The trick seems to be doing a multithreaded fork, followed by _another_ multithreaded fork.

Thanks again for having a look at this Konstantin!
Comment 10 Konstantin Belousov freebsd_committer freebsd_triage 2023-05-20 08:11:32 UTC
Please try the following.  Does the patch help in your settings?
I am esp. interested in the ruby test.

diff --git a/lib/libthr/thread/thr_rtld.c b/lib/libthr/thread/thr_rtld.c
index a9d1924967a7..c9c4871bab54 100644
--- a/lib/libthr/thread/thr_rtld.c
+++ b/lib/libthr/thread/thr_rtld.c
@@ -80,7 +80,7 @@ _thr_rtld_lock_create(void)
        busy_places |= (1 << locki);
 
        l = &lock_place[locki];
-       l->lock.rw_flags = URWLOCK_PREFER_READER;
+//     l->lock.rw_flags = URWLOCK_PREFER_READER;
        return (l);
 }
Comment 11 Konstantin Belousov freebsd_committer freebsd_triage 2023-05-20 08:30:07 UTC
Or better, try https://reviews.freebsd.org/D40178
That should be the final fix, assuming it works.
Comment 12 KJ Tsanaktsidis 2023-05-21 06:28:48 UTC
Yes - https://reviews.freebsd.org/D40178 seems to fix the issue with running the ruby tests. I applied it on top of the `releng/13.2` branch on my system and followed the  I've been running the test in question for half an hour in a loop and no failures yet!

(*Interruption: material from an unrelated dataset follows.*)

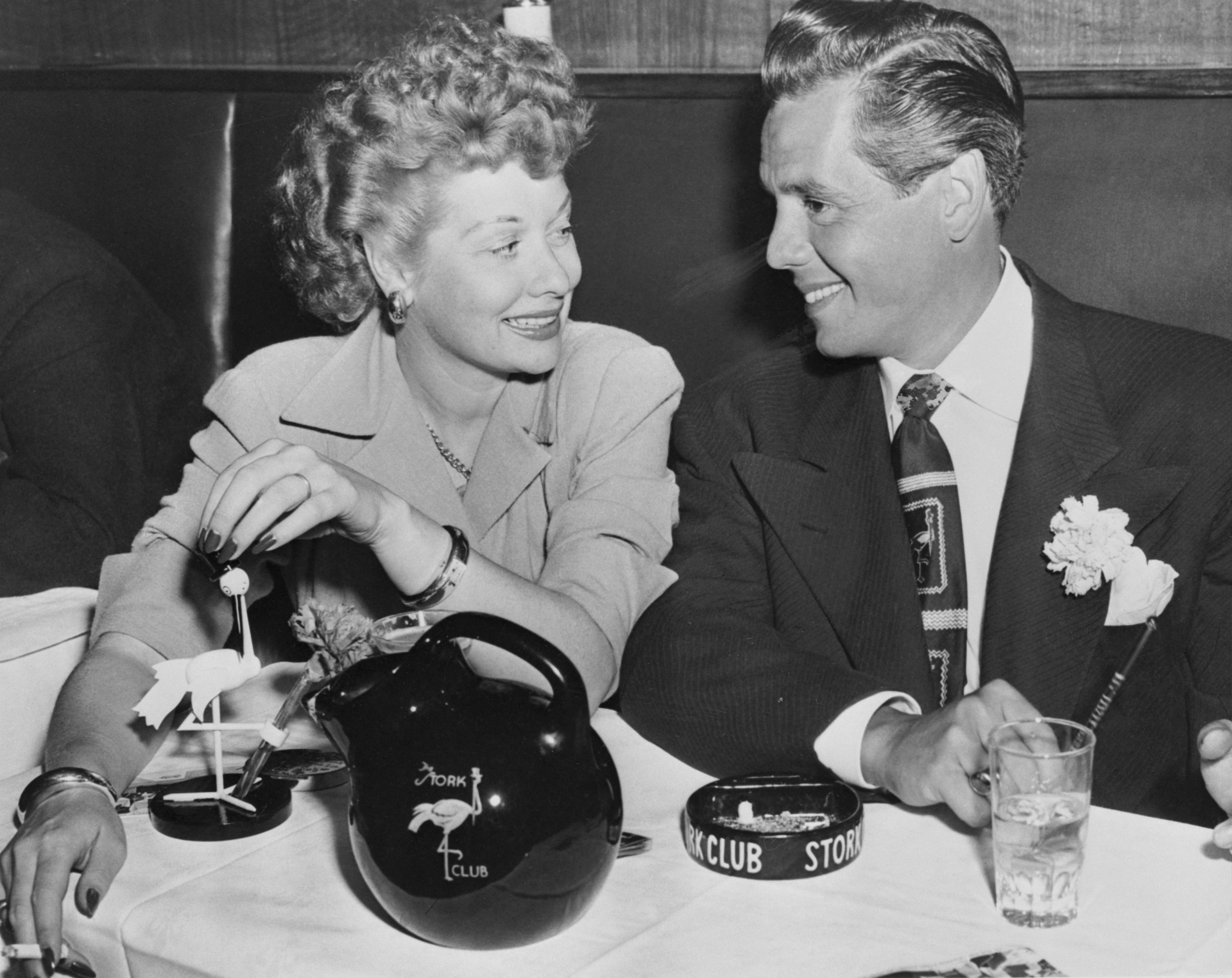 Lucille Ball and Desi Arnaz | Bettmann/Contributor/Getty Images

Thanks so much for your help debugging this. I must say - this has been my first experience with anything in BSD-world, and I've really appreciated having the source for the base system all in one giant git repo together. Makes it easy to go spelunking and understand how it all fits together. As someone who recently spent many hours staring at #ifdef soup across glibc, libgcc_s, and the Linux kernel recently, it's been very refreshing!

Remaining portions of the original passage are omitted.